I got a new judge now on my case this will make Judge #3 his name is Scott Pavlovich, he seems very fair and I have heard he is a non-nonsense judge. I think this town needs that. This town needs all of its officials replaced since they are so corrupt here.

I guess right now I don’t really feel the pillar of strength. I am exhausted and worn out. I don’t really have much to say since I am fighting depression… I have not written since I didn’t want to bring you down and you are going through enough things of your own. I do miss talking to you. But I didn’t really want you to see me like this. I know God will get me through. Just not sure where my road is going or if it is just staying put.

I had a visitor come last weekend and it was a complete nightmare.

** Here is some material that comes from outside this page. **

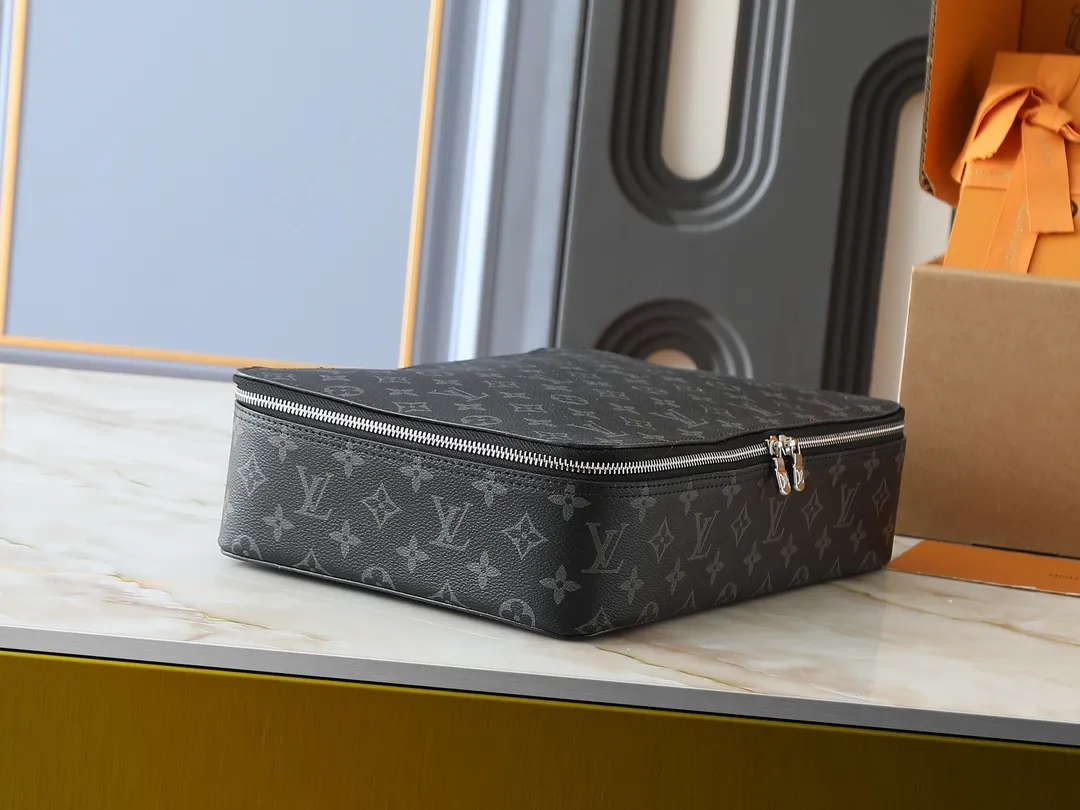 💰Large 130. Medium 120. Small 220💰Upgraded original M43690 M43689 M43688 old flower, black flower, black grid, jewelry box meets modern style travel jewelry box. Presbyopia storage box cosmetic bag box jewelry box, elegant red microfiber lining, this exquisite and elegant Monogram treasure can safely store earrings, necklaces, bracelets and rings. The size is large 34.0×22.0×8.5, medium 22.4x14x8.5, small 17x9.5x8.5 cm.
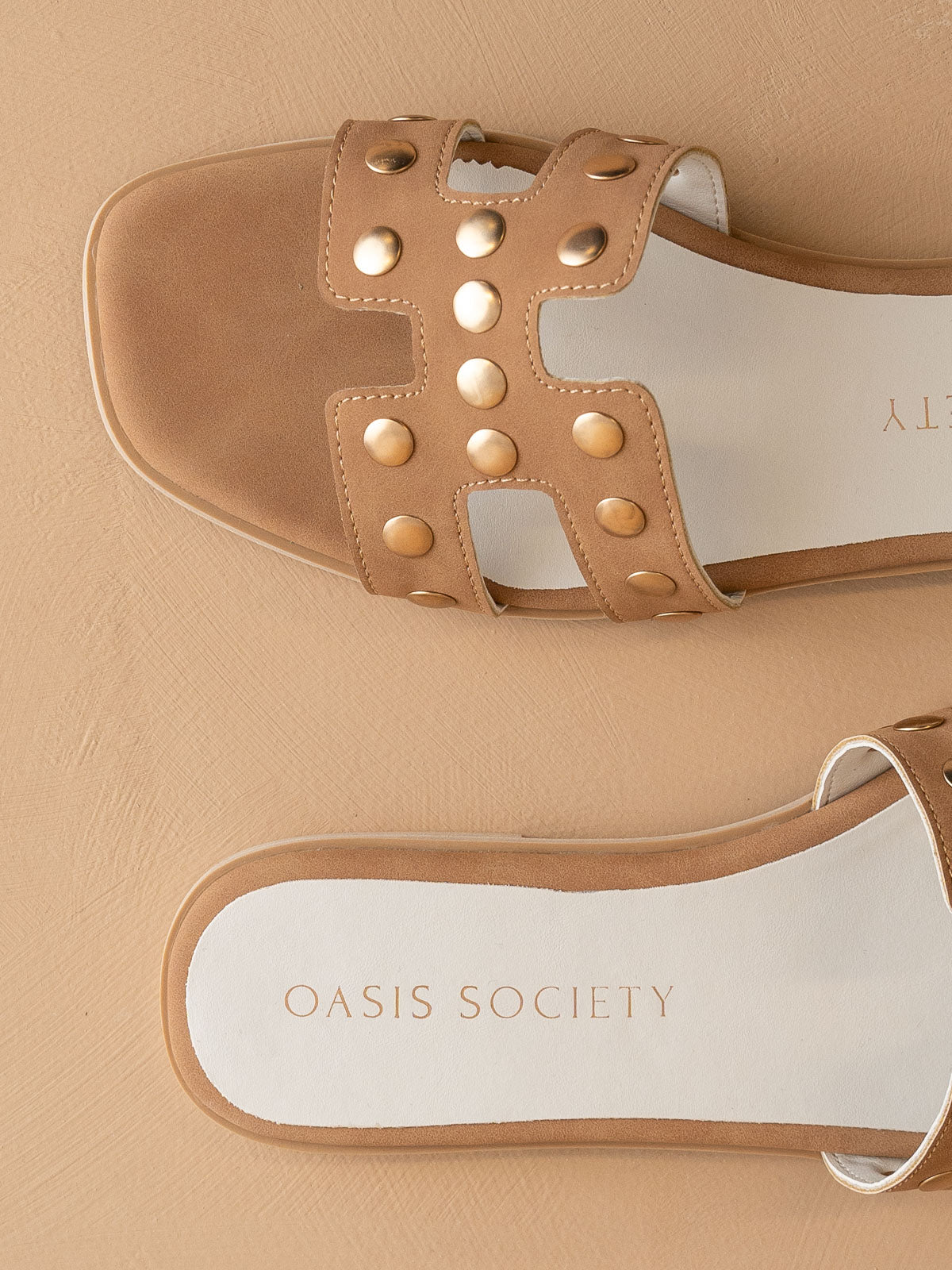 The Evelynne | Camel Studded H Band Slides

He helped me with the house but decided that he was in love with me. I told him that I have no feelings for him and yet he has come up twice now since. I am just so stressed out and he pushes this issue with me and makes me crazy. He will touch my hair or leg while driving and I just want to haul off and deck him. And in the store he makes comments about what I look like in my jeans…. Ugh… no tact. Glad that was only for 2 days. It was terrible.

My mom is down in Florida helping dad clean up the house to sell or rent so they can come up here and live. Grayson will be coming up for the Summer so that is really good. He is excelling in home school. And I found out that he is already getting crushes on girls. I am not prepared for this yet. He is only 9. Whereas, Samantha is miserable at her dads he is getting married to Julie finally but Samantha can’t stand her. They make her go to the other room to play and don’t include her. I am glad they got her a kitten that is the joy of her life at his house. She deserves much better than the hand she has been dealt.

I am all messed up at the moment. Getting pulled this way and that. My neighbor wants to redecorate my mom’s room and I just can’t do it… not right now. I think she is perturbed with me. I just don’t have the energy or motivation to do something like that. At the moment. * Sigh * Ugh….

Church is going well. I love my pastor he is an excellent preacher/teacher. I guess for me right now I am in some real need of fellowship with God. I miss Him. I will get back where I need to be and be the woman/girl that you know once again. I just wanted to touch base with you.